403 Forbidden: sealed-mode evidence invalid Signals sealed-mode verifier rejected payload (likely missing CAS proof). Upload batch to CAS first, include X-Reachability-Cas-Uri header, or disable sealed-mode in non-prod.
Runtime facts missing from Policy/UI Recompute not triggered or callgraphId mismatch. List facts via /signals/reachability/facts?subject=..., confirm callgraphId, then POST recompute.
CAS hash mismatch during replay Batch mutated post-ingestion. Re-stage from original gzip, invalidate old CAS entry, rerun ingestion to regenerate manifest references.

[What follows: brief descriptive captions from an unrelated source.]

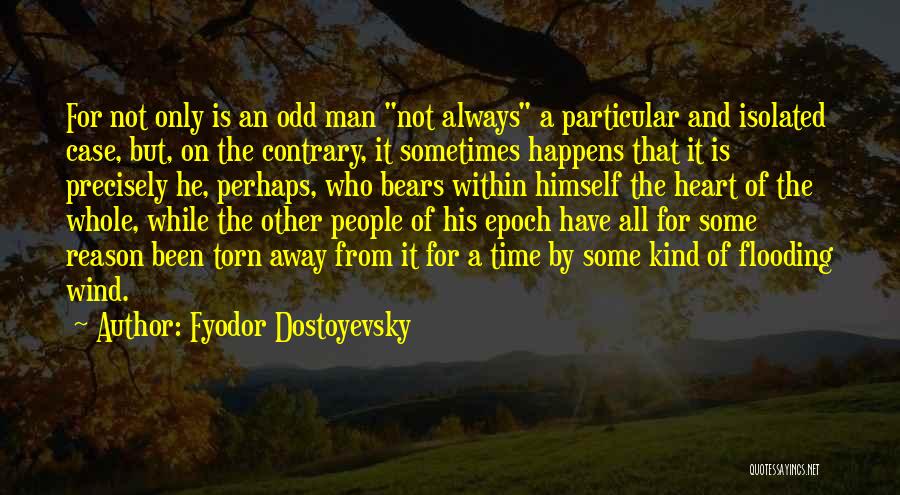 Happens For A Reason Quotes By Fyodor Dostoyevsky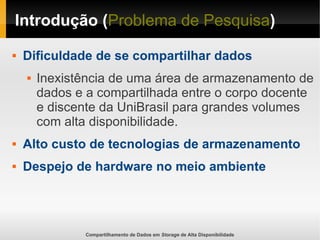 Compartilhamento de Dados em Storage de Alta Disponibilidade
Introdução (Problema de Pesquisa)
 Dificuldade de se compartilhar dados
 Inexistência de uma área de armazenamento de
dados e a compartilhada entre o corpo docente
e discente da UniBrasil para grandes volumes
com alta disponibilidade.
 Alto custo de tecnologias de armazenamento
 Despejo de hardware no meio ambiente
 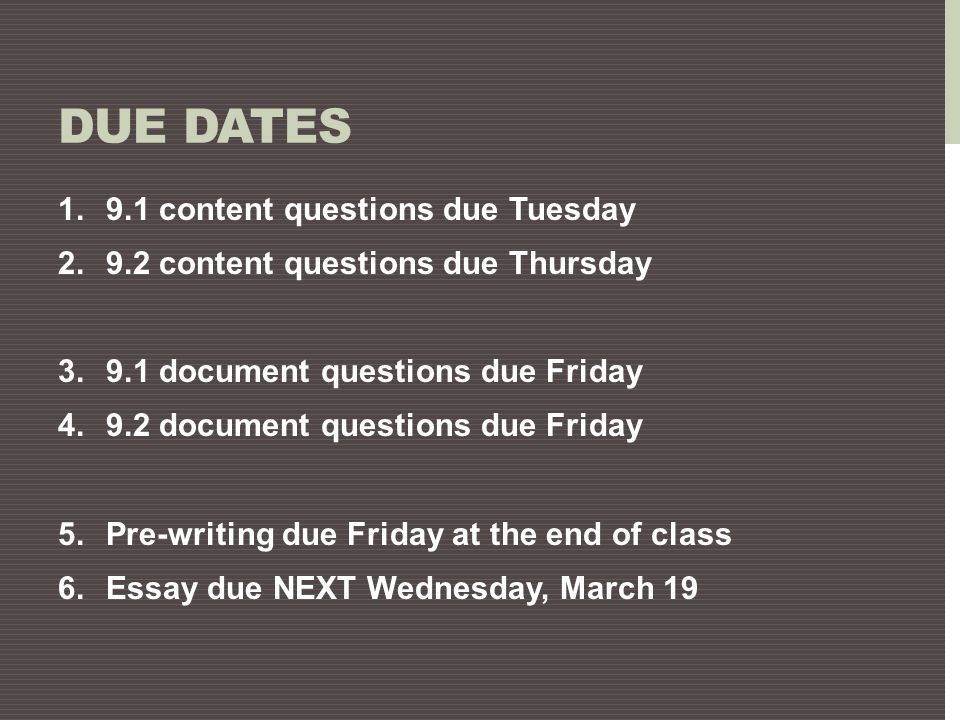 Due Dates 9.1 content questions due Tuesday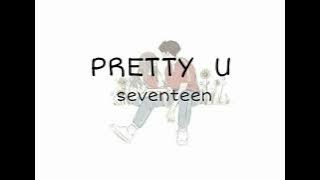 [SUB INDO] PRETTY U SEVENTEEN
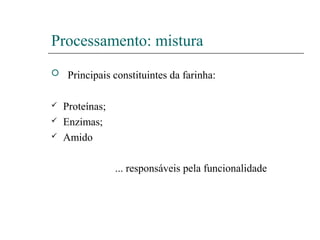 Processamento: mistura
 Principais constituintes da farinha:
 Proteínas;
 Enzimas;
 Amido
... responsáveis pela funcionalidade
 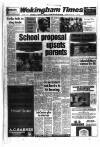 Wokingham Times Thursday 26 July 1984 Page 1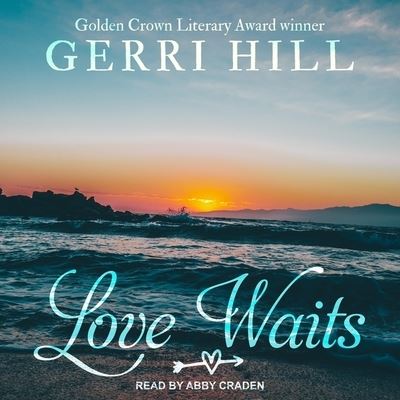 Cover for Gerri Hill · Love Waits (CD) (2019)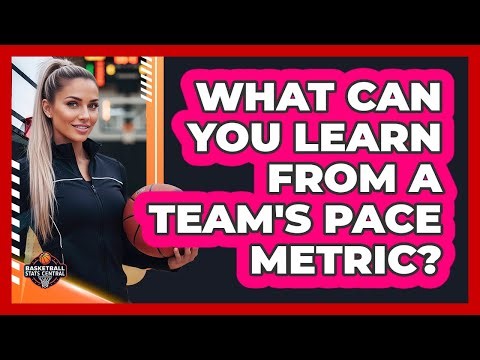 What Can You Learn From A Team's Pace Metric?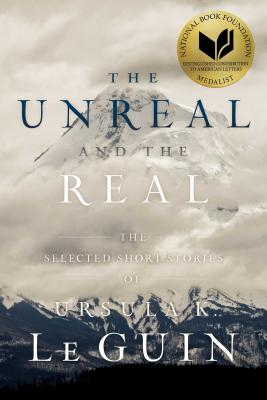 Seller image for The Unreal and the Real: The Selected Short Stories of Ursula K. Le Guin (Paperback or Softback) for sale by BargainBookStores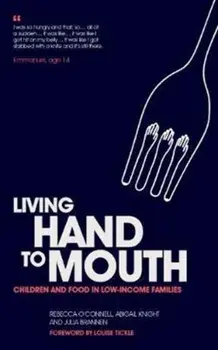 Living Hand to Mouth. Children and Food in Low-Income Families, Paperback/Julia Brannen
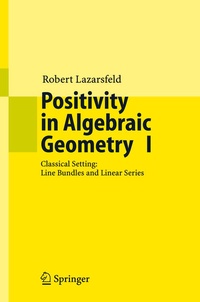 Enlarge image Cover: Positivity in Algebraic Geometry I - Springer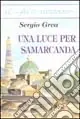 Una luce per Samarcanda Professionale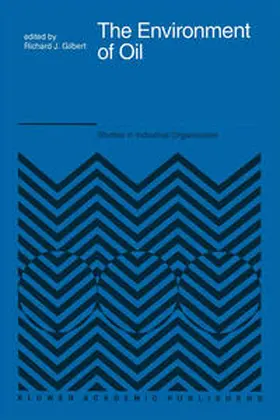 Gilbert |  The Environment of Oil | eBook | Sack Fachmedien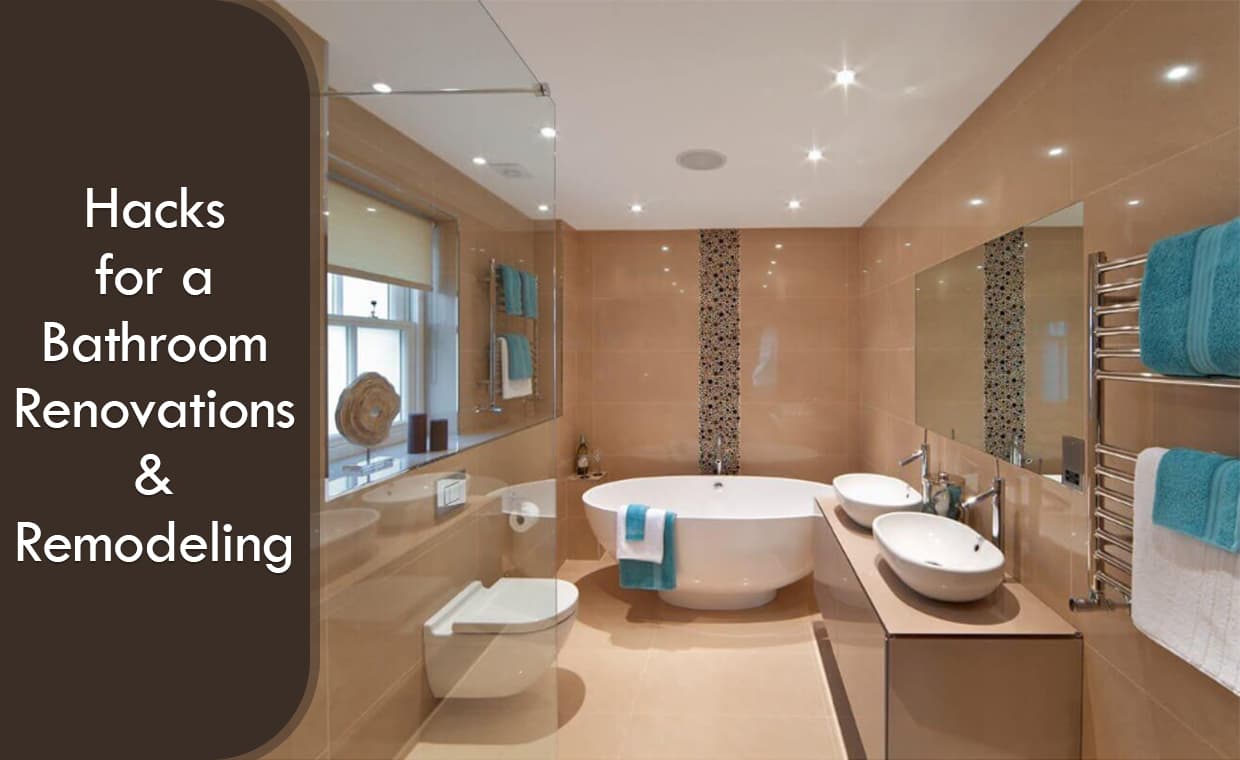 Hacks for a Bathroom Renovations and Remodeling – 01 – 0502080020 Hacks for a Bathroom Renovations and Remodeling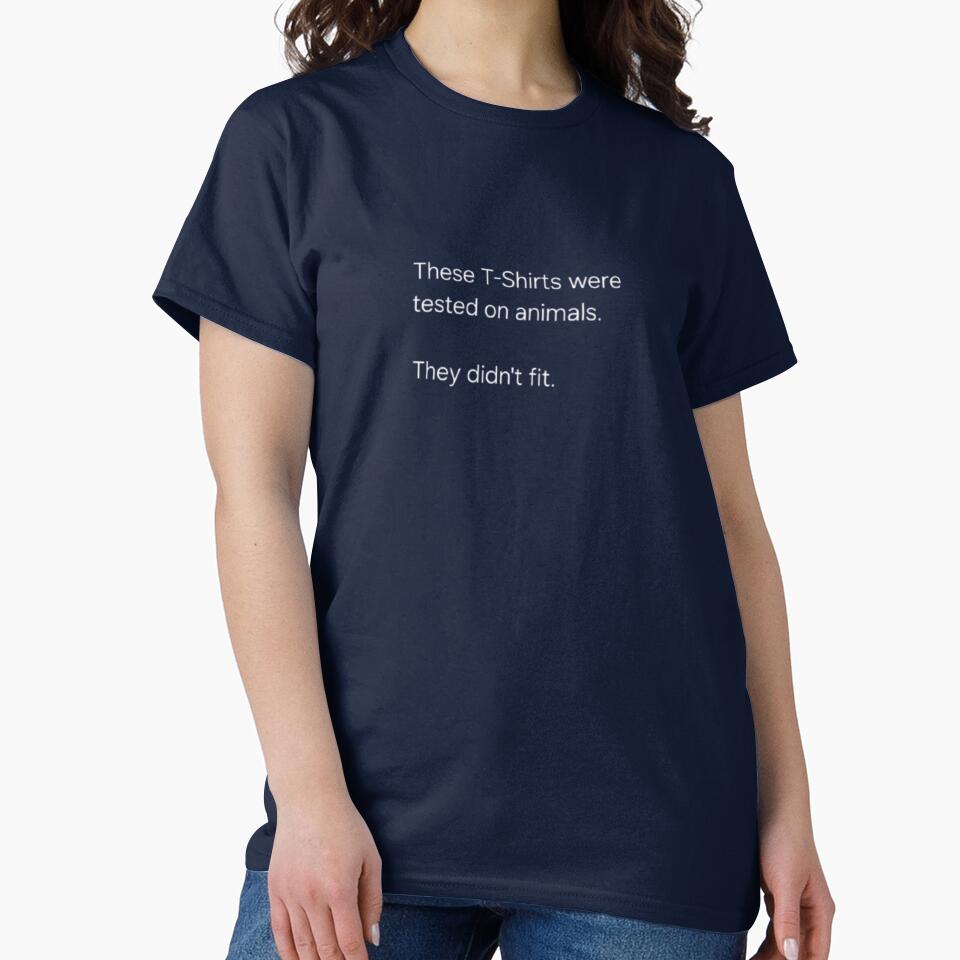 These T-Shirts were tested on animals. They didn't fit by By Zeek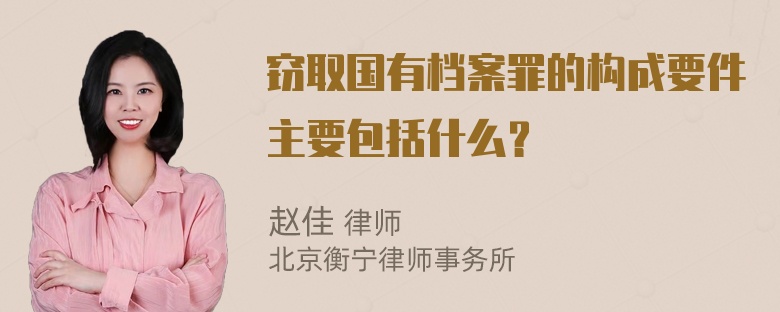 窃取国有档案罪的构成要件主要包括什么？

5 · Retention & observability

  • Default retention: 30days hot in Signals Mongo, 180days in CAS (match replay policy). Configure via signals.runtimeFacts.retentionDays.
  • Metrics to alert on:
    • signals_runtime_ingest_latency_seconds (P95 < 2s).
    • signals_runtime_cas_miss_total (should be 0 once CAS is mandatory).
  • Logs/traces:
    • Category Reachability.Runtime records ingestion batches and CAS URIs.
    • Trace attributes: callgraphId, subjectKey, casUri, eventCount.

6 · References

  • docs/reachability/DELIVERY_GUIDE.md
  • docs/reachability/function-level-evidence.md
  • docs/replay/DETERMINISTIC_REPLAY.md
  • docs/modules/platform/architecture-overview.md §5 (Replay CAS)
  • docs/runbooks/replay_ops.md

Update this runbook whenever endpoints, retention knobs, or CAS layouts change.